## [MATERIAL PROVIDED]
»»

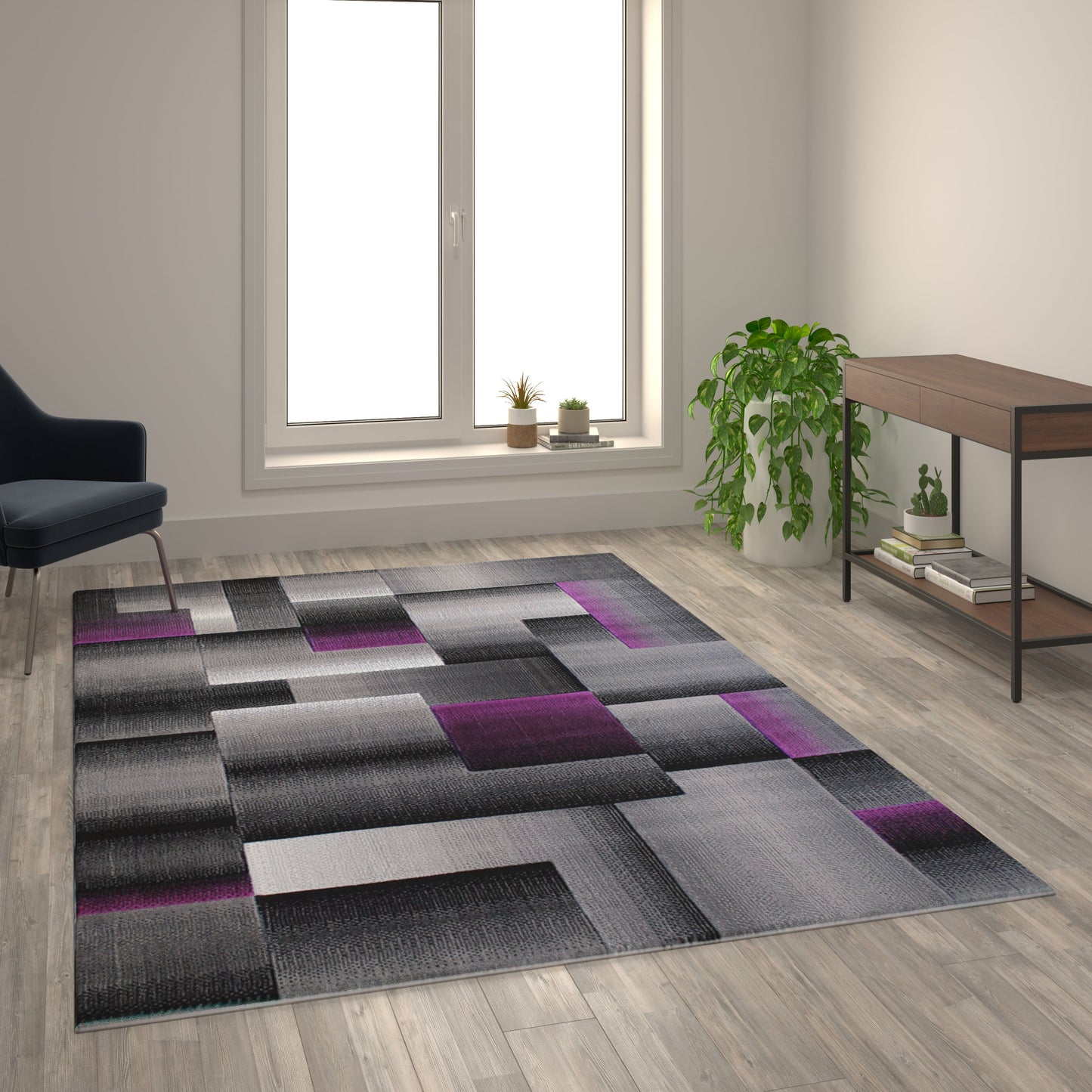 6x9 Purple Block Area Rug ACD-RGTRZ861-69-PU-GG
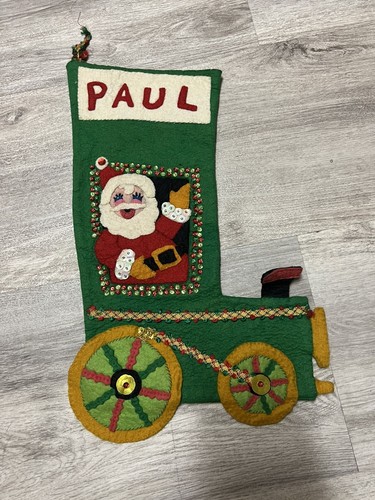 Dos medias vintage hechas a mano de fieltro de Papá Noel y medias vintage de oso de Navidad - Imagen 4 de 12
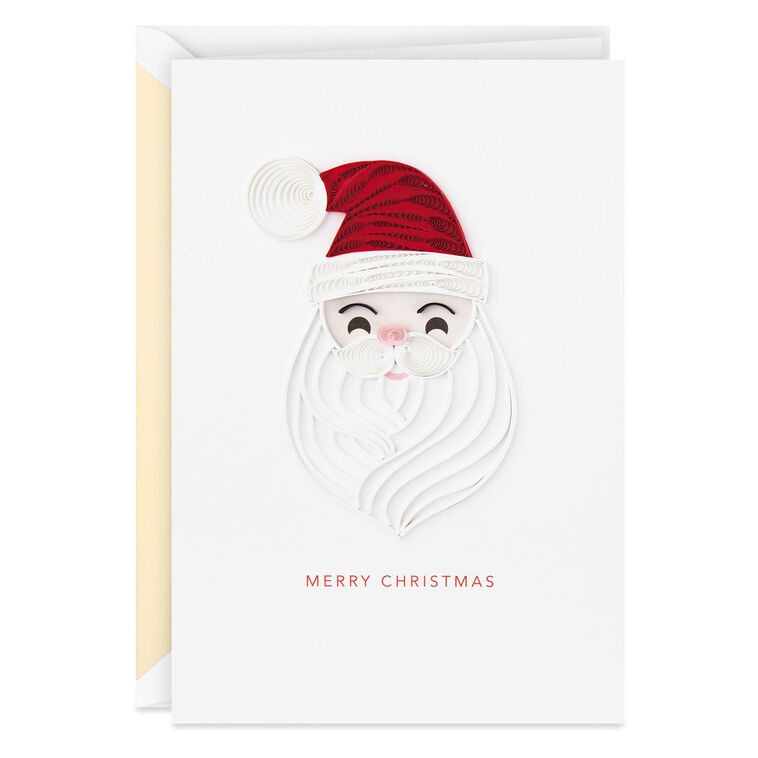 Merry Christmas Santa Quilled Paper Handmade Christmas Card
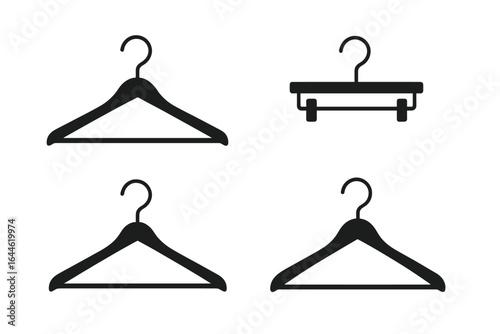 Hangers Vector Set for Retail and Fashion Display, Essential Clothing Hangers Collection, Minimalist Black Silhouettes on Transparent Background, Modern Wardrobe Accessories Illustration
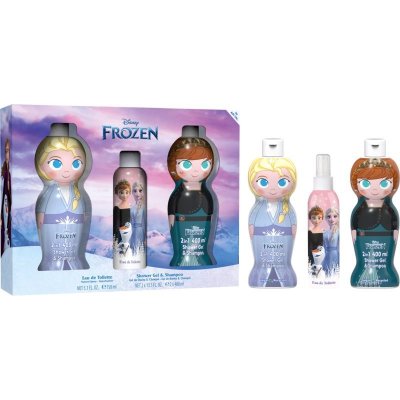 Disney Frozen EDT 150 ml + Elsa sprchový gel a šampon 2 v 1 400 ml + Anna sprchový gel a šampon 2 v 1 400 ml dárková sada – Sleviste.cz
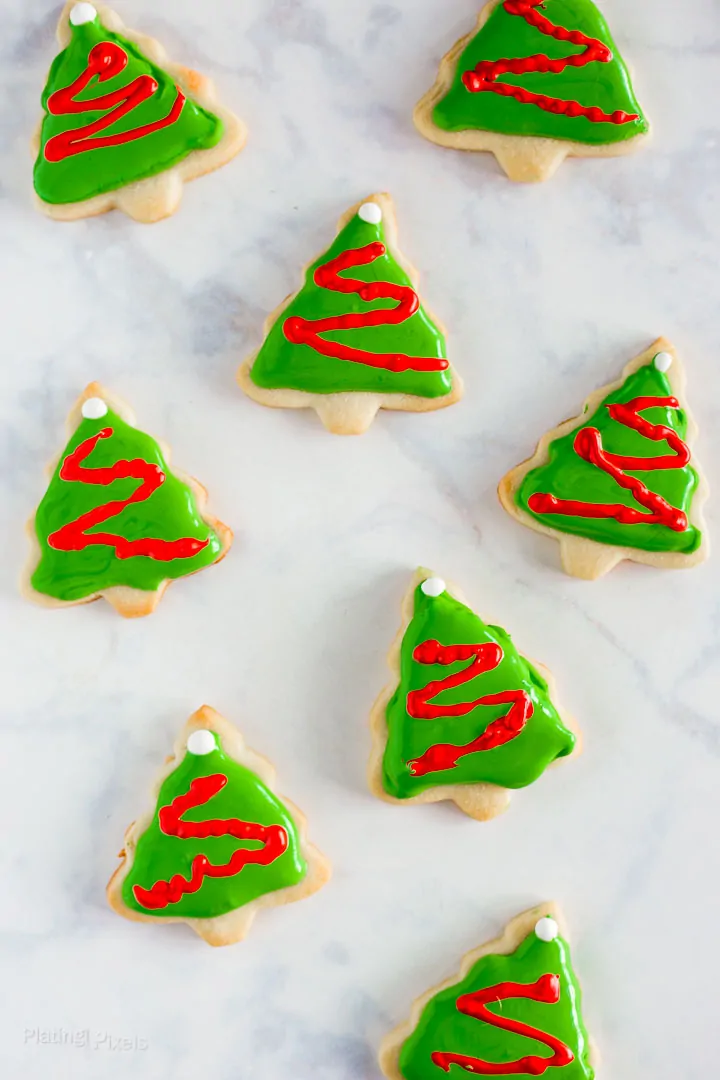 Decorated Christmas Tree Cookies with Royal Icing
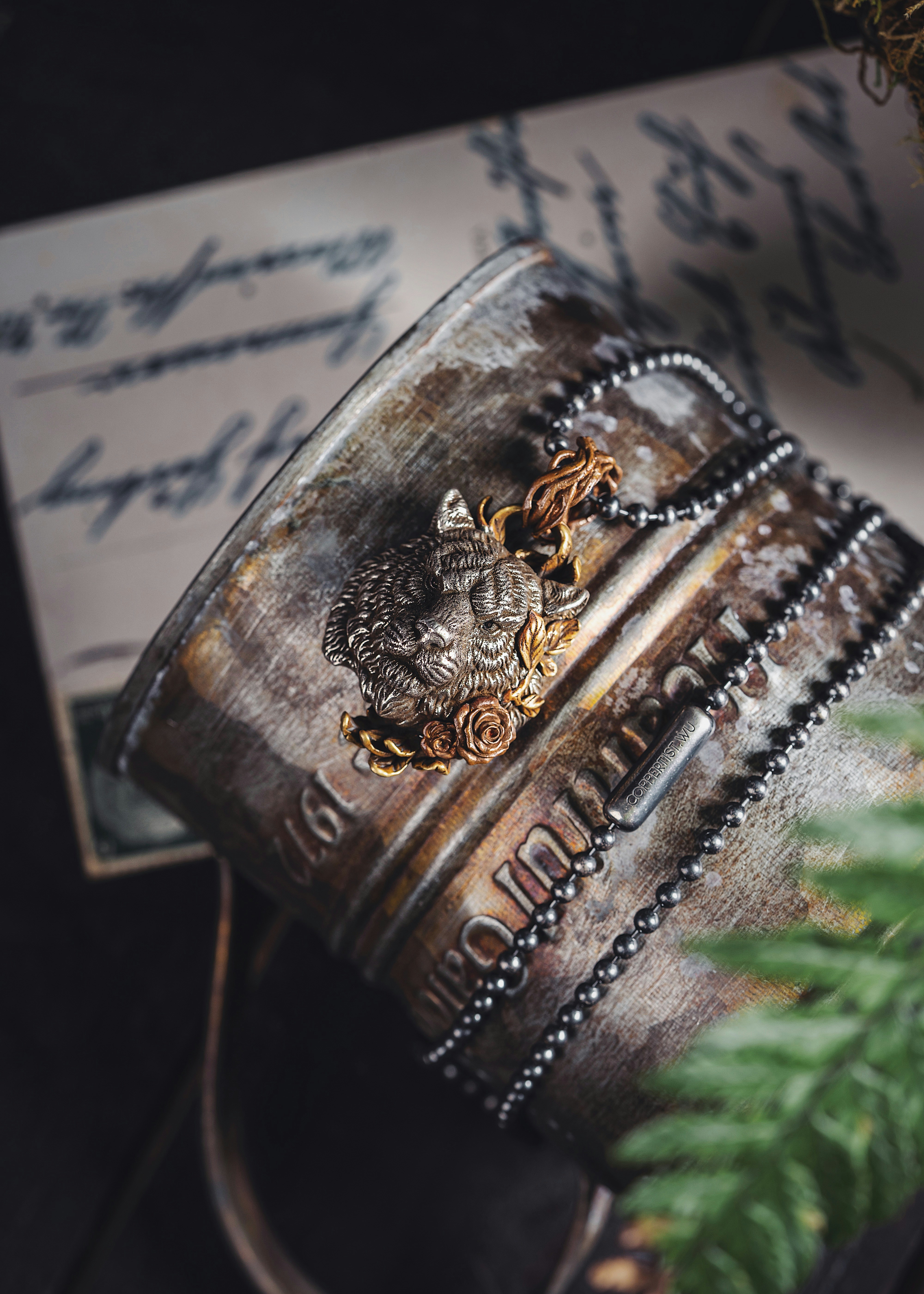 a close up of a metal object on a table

««

Exactly as given, set down each line of the material, but include no pictures.

 6x9 Purple Block Area Rug ACD-RGTRZ861-69-PU-GG
 Dos medias vintage hechas a mano de fieltro de Papá Noel y medias vintage de oso de Navidad - Imagen 4 de 12
 Merry Christmas Santa Quilled Paper Handmade Christmas Card
 Hangers Vector Set for Retail and Fashion Display, Essential Clothing Hangers Collection, Minimalist Black Silhouettes on Transparent Background, Modern Wardrobe Accessories Illustration
 Disney Frozen EDT 150 ml + Elsa sprchový gel a šampon 2 v 1 400 ml + Anna sprchový gel a šampon 2 v 1 400 ml dárková sada – Sleviste.cz
 Decorated Christmas Tree Cookies with Royal Icing
 a close up of a metal object on a table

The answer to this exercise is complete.